[Provided material]

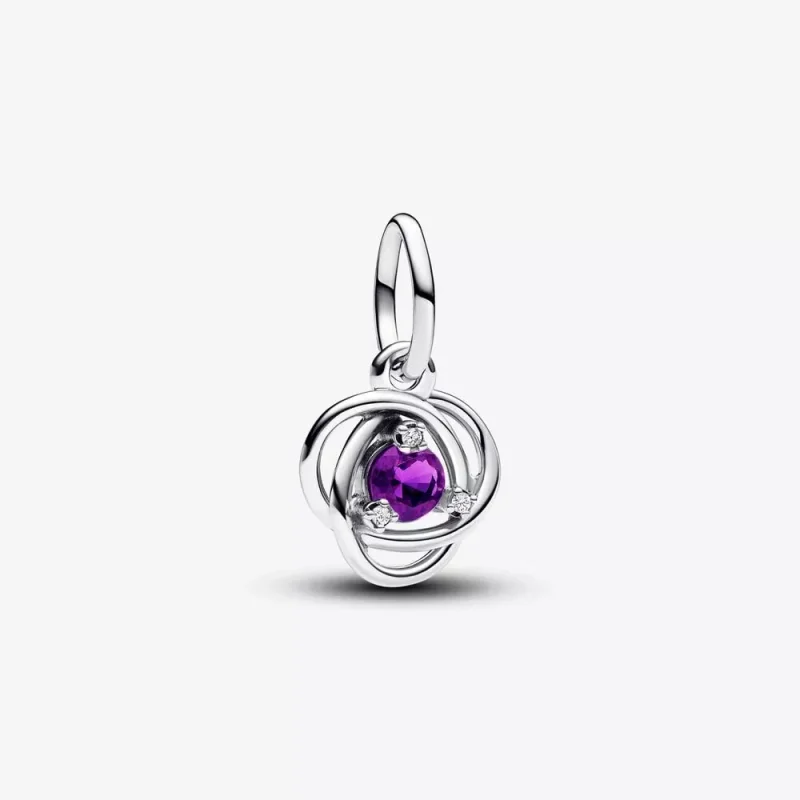 (immagine per) Pendente Cerchio Pandora Eterno Viola Febbraio - 793125C02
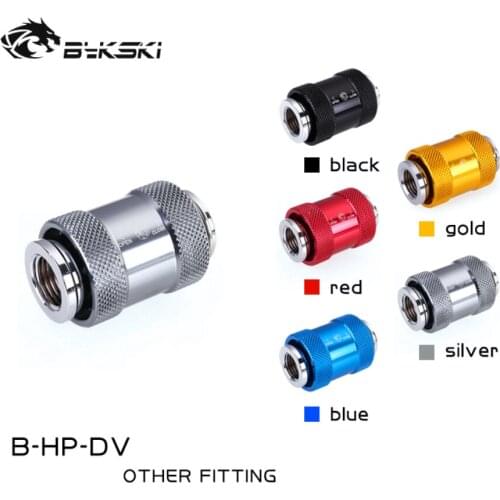 Bykski Adjustable Water Valve Strentch Fitting Brass G1/4 Thread Water Plug Stopper Adapter PC Cooling MOD Water Cooler B-HP-DV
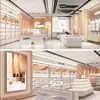 Vitrina de Exhibición para Tienda de Cosméticos, Mostrador para Salón de Belleza, Vitrina de Exhibición Tipo Isla, Vitrina de Exhibición Estilo Minimalista, Almacenamiento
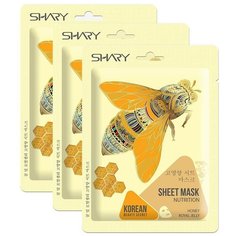 Маска-питание Shary с мёдом и маточным молочком 25 г 3 шт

[/Provided material]

Retype the full listing above precisely. Exclude each picture you find in it.

● Result of this task
 (immagine per) Pendente Cerchio Pandora Eterno Viola Febbraio - 793125C02
 Bykski Adjustable Water Valve Strentch Fitting Brass G1/4 Thread Water Plug Stopper Adapter PC Cooling MOD Water Cooler B-HP-DV
 Vitrina de Exhibición para Tienda de Cosméticos, Mostrador para Salón de Belleza, Vitrina de Exhibición Tipo Isla, Vitrina de Exhibición Estilo Minimalista, Almacenamiento
 Маска-питание Shary с мёдом и маточным молочком 25 г 3 шт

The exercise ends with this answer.